### Try it:
All of the data is to be copied word for word.

Stored items from a collection:
╔══
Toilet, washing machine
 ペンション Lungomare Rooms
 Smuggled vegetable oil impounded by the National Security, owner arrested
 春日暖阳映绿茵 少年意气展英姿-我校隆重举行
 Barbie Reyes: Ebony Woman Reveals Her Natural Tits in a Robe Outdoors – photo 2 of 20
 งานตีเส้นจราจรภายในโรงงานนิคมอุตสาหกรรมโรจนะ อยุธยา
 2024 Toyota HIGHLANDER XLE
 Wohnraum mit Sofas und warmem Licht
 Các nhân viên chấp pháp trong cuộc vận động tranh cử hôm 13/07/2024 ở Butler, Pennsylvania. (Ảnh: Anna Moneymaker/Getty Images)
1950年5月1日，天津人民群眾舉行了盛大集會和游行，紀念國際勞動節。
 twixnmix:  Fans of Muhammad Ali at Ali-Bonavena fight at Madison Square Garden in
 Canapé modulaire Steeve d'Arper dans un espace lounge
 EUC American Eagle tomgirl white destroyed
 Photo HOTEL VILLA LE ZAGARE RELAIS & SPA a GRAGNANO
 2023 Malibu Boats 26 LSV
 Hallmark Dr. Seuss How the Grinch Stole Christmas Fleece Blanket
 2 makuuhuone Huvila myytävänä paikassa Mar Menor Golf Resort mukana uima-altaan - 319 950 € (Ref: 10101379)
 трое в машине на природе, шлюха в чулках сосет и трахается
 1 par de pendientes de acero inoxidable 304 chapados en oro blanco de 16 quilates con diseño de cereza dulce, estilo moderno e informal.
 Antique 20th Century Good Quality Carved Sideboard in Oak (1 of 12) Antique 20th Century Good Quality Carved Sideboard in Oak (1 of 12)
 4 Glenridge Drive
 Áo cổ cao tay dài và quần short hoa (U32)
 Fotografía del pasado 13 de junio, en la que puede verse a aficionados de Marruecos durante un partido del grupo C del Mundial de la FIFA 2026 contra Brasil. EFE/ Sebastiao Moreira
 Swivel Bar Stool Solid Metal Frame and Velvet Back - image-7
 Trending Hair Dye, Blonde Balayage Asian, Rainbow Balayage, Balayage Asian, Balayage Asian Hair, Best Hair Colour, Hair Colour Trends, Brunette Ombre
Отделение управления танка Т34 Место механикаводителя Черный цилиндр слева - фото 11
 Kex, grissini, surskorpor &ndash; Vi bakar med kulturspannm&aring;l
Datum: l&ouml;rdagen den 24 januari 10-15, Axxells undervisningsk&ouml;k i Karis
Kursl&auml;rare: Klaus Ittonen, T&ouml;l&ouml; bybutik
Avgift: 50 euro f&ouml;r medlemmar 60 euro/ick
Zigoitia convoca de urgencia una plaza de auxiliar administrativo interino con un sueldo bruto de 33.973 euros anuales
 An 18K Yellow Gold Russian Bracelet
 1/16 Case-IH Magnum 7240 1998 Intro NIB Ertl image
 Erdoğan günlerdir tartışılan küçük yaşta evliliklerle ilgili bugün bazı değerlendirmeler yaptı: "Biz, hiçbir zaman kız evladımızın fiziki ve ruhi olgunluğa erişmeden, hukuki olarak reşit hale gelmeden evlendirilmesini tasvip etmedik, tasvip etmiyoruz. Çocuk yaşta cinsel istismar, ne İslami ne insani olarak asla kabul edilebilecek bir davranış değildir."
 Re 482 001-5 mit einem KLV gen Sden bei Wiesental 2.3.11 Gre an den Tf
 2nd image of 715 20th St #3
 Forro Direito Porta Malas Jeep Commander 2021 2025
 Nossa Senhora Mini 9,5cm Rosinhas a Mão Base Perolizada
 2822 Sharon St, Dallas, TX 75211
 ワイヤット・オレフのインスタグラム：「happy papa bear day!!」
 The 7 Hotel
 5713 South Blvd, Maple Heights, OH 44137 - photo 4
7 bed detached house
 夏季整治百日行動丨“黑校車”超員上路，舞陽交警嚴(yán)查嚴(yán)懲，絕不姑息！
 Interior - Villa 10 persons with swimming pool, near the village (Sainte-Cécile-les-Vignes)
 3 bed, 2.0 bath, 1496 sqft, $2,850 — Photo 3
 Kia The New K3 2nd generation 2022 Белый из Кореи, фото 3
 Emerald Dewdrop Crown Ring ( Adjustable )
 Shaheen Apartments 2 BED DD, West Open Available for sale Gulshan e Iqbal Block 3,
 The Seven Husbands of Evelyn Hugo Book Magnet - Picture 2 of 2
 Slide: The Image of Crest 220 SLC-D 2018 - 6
╚══
### Output for this task:
Toilet, washing machine
 ペンション Lungomare Rooms
 Smuggled vegetable oil impounded by the National Security, owner arrested
 春日暖阳映绿茵 少年意气展英姿-我校隆重举行
 Barbie Reyes: Ebony Woman Reveals Her Natural Tits in a Robe Outdoors – photo 2 of 20
 งานตีเส้นจราจรภายในโรงงานนิคมอุตสาหกรรมโรจนะ อยุธยา
 2024 Toyota HIGHLANDER XLE
 Wohnraum mit Sofas und warmem Licht
 Các nhân viên chấp pháp trong cuộc vận động tranh cử hôm 13/07/2024 ở Butler, Pennsylvania. (Ảnh: Anna Moneymaker/Getty Images)
1950年5月1日，天津人民群眾舉行了盛大集會和游行，紀念國際勞動節。
 twixnmix:  Fans of Muhammad Ali at Ali-Bonavena fight at Madison Square Garden in
 Canapé modulaire Steeve d'Arper dans un espace lounge
 EUC American Eagle tomgirl white destroyed
 Photo HOTEL VILLA LE ZAGARE RELAIS & SPA a GRAGNANO
 2023 Malibu Boats 26 LSV
 Hallmark Dr. Seuss How the Grinch Stole Christmas Fleece Blanket
 2 makuuhuone Huvila myytävänä paikassa Mar Menor Golf Resort mukana uima-altaan - 319 950 € (Ref: 10101379)
 трое в машине на природе, шлюха в чулках сосет и трахается
 1 par de pendientes de acero inoxidable 304 chapados en oro blanco de 16 quilates con diseño de cereza dulce, estilo moderno e informal.
 Antique 20th Century Good Quality Carved Sideboard in Oak (1 of 12) Antique 20th Century Good Quality Carved Sideboard in Oak (1 of 12)
 4 Glenridge Drive
 Áo cổ cao tay dài và quần short hoa (U32)
 Fotografía del pasado 13 de junio, en la que puede verse a aficionados de Marruecos durante un partido del grupo C del Mundial de la FIFA 2026 contra Brasil. EFE/ Sebastiao Moreira
 Swivel Bar Stool Solid Metal Frame and Velvet Back - image-7
 Trending Hair Dye, Blonde Balayage Asian, Rainbow Balayage, Balayage Asian, Balayage Asian Hair, Best Hair Colour, Hair Colour Trends, Brunette Ombre
Отделение управления танка Т34 Место механикаводителя Черный цилиндр слева - фото 11
 Kex, grissini, surskorpor &ndash; Vi bakar med kulturspannm&aring;l
Datum: l&ouml;rdagen den 24 januari 10-15, Axxells undervisningsk&ouml;k i Karis
Kursl&auml;rare: Klaus Ittonen, T&ouml;l&ouml; bybutik
Avgift: 50 euro f&ouml;r medlemmar 60 euro/ick
Zigoitia convoca de urgencia una plaza de auxiliar administrativo interino con un sueldo bruto de 33.973 euros anuales
 An 18K Yellow Gold Russian Bracelet
 1/16 Case-IH Magnum 7240 1998 Intro NIB Ertl image
 Erdoğan günlerdir tartışılan küçük yaşta evliliklerle ilgili bugün bazı değerlendirmeler yaptı: "Biz, hiçbir zaman kız evladımızın fiziki ve ruhi olgunluğa erişmeden, hukuki olarak reşit hale gelmeden evlendirilmesini tasvip etmedik, tasvip etmiyoruz. Çocuk yaşta cinsel istismar, ne İslami ne insani olarak asla kabul edilebilecek bir davranış değildir."
 Re 482 001-5 mit einem KLV gen Sden bei Wiesental 2.3.11 Gre an den Tf
 2nd image of 715 20th St #3
 Forro Direito Porta Malas Jeep Commander 2021 2025
 Nossa Senhora Mini 9,5cm Rosinhas a Mão Base Perolizada
 2822 Sharon St, Dallas, TX 75211
 ワイヤット・オレフのインスタグラム：「happy papa bear day!!」
 The 7 Hotel
 5713 South Blvd, Maple Heights, OH 44137 - photo 4
7 bed detached house
 夏季整治百日行動丨“黑校車”超員上路，舞陽交警嚴(yán)查嚴(yán)懲，絕不姑息！
 Interior - Villa 10 persons with swimming pool, near the village (Sainte-Cécile-les-Vignes)
 3 bed, 2.0 bath, 1496 sqft, $2,850 — Photo 3
 Kia The New K3 2nd generation 2022 Белый из Кореи, фото 3
 Emerald Dewdrop Crown Ring ( Adjustable )
 Shaheen Apartments 2 BED DD, West Open Available for sale Gulshan e Iqbal Block 3,
 The Seven Husbands of Evelyn Hugo Book Magnet - Picture 2 of 2
 Slide: The Image of Crest 220 SLC-D 2018 - 6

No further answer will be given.